Message par Tristeplume »

Célia, Beorn : la notion qui est importante, je trouve, c'est la fait que le héros par ses actes fasse souffrir autrui et que ça puisse lui poser des questions existentielles.
Mais je reste persuadé que faire souffrir autrui ne relève pas forcément d'un acte mauvais ou d'une question de morale.

Quand je dis à ma gamine qu'elle peut toujours se brosser pour avoir une Nintendo DS à son anniv', qu'elle part pleurer dans sa chambre en clamant haut et fort que la vie est injuste, oui, je la fais souffrir.
Quand je décide de séparer des gamins de leurs parents, je sais pertinement que je vais les faire souffrir, les uns et les autres.
Dans les deux cas, cela me pose des questions mais absolument pas en terme de morale mais en terme de conception éducative dans un cas et de l'application des lois de protection de l'enfance dans l'autre.

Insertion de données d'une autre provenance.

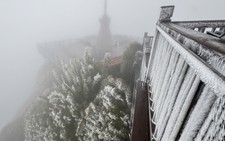 Fansipan plunges to -3°C as frost blankets Vietnam's highest peak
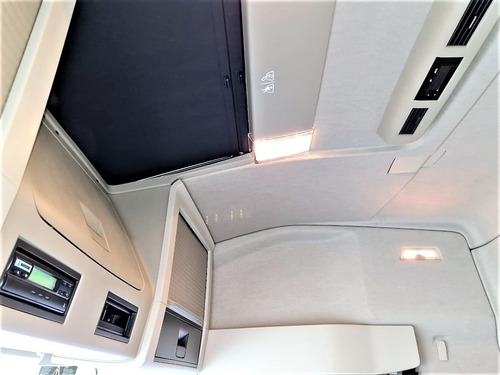 Imagem 8 de 15 de Volvo Fh 460 6x2 2020 Automatico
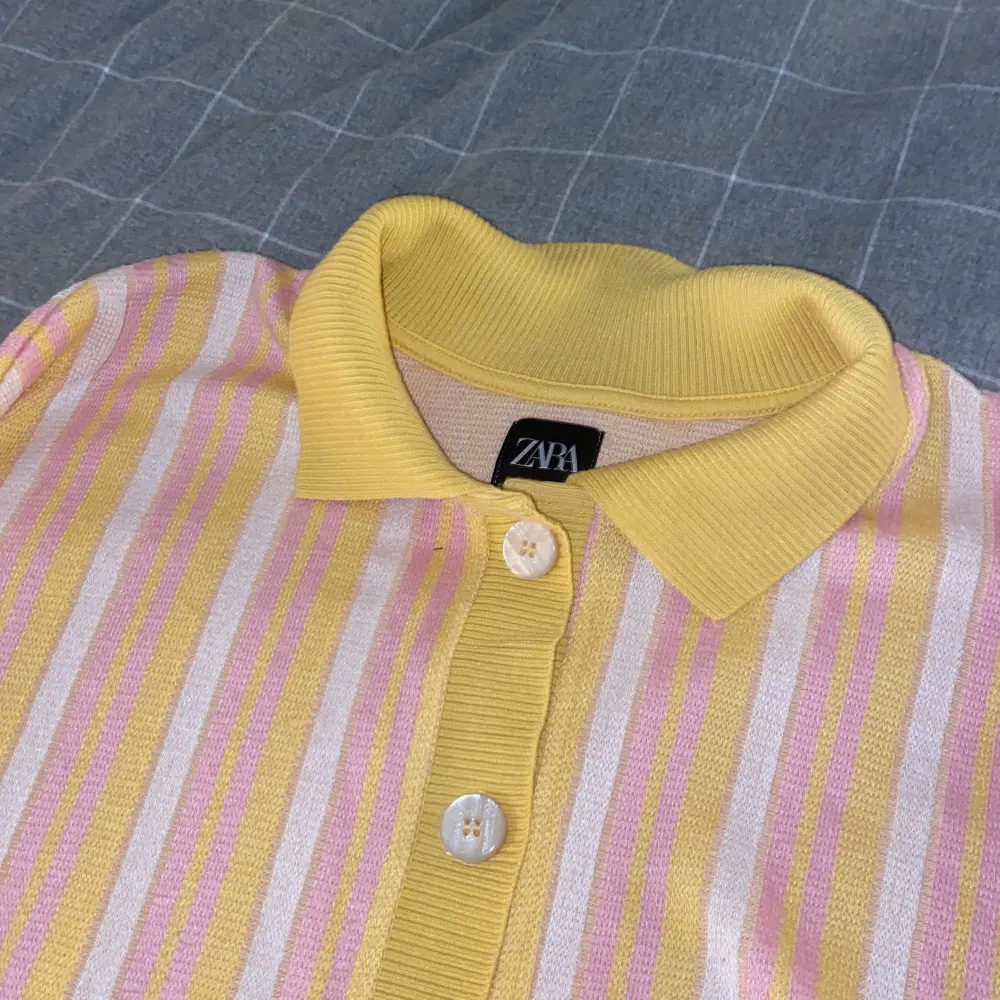 Jättefin randig kofta från zara använd 1 gång, lite oversized . Neuleet.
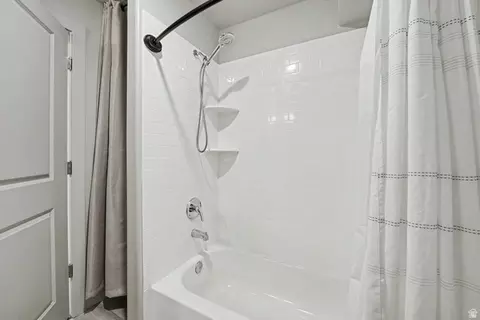 Bath - 1167 E Telegraph St #A101, Washington, UT 84780 photo 2 of 2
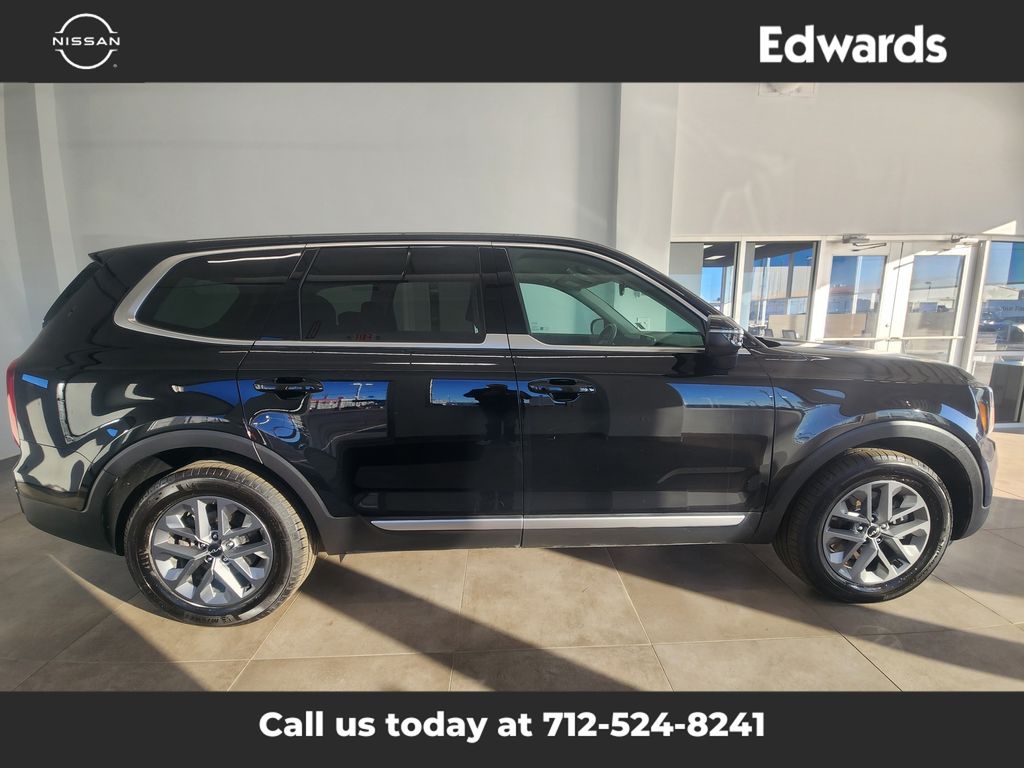 2024 Kia Telluride LX's photo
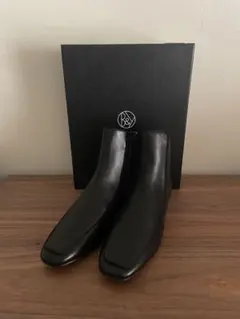 BEAUTY & YOUTH ブラック ジッパー付きブーツ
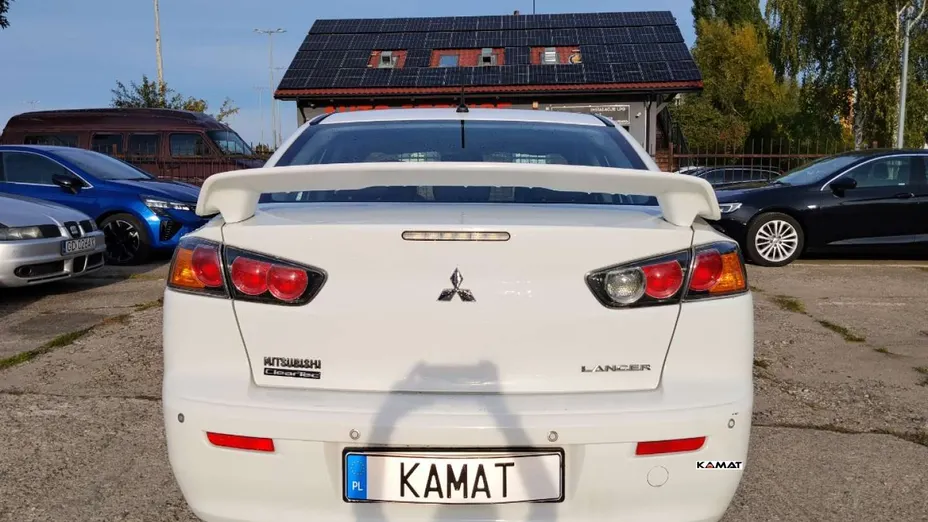 MITSUBISHI Lancer -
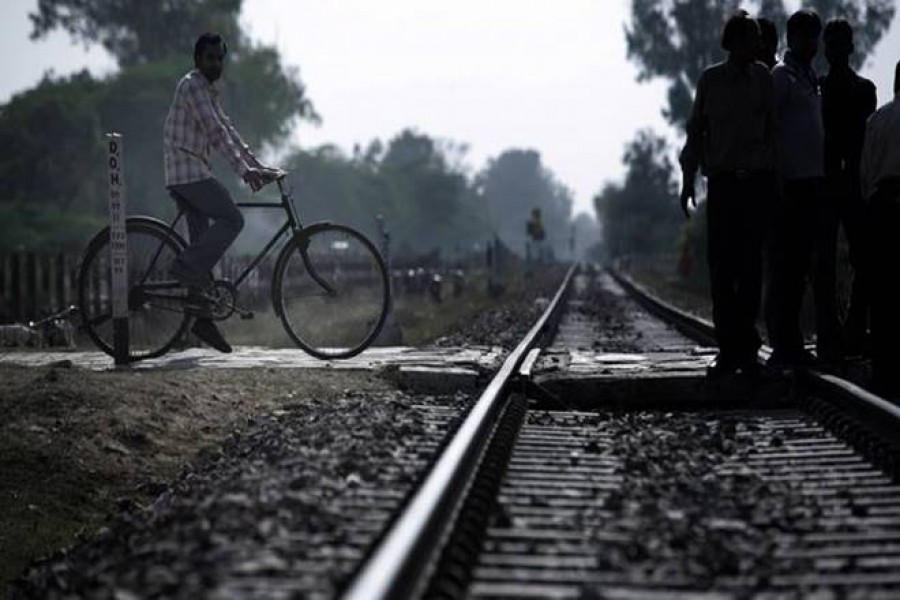 Unmanned level crossings pose risk of accident in Bogura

En fait, je dois être trop résolument laïque et j'essaye d'appliquer la loi de 1905 à la création littéraire. :mrgreen:
— Malach, avez-vous entendu ça ? Je suis, je cite, "drôle, tourmenté, incompris".
— Je ne vois pas en quoi c'est flatteur.
— Mon cher, cela veut dire que je plais aux femmes !
— Décidemment, je ne les comprendrai jamais.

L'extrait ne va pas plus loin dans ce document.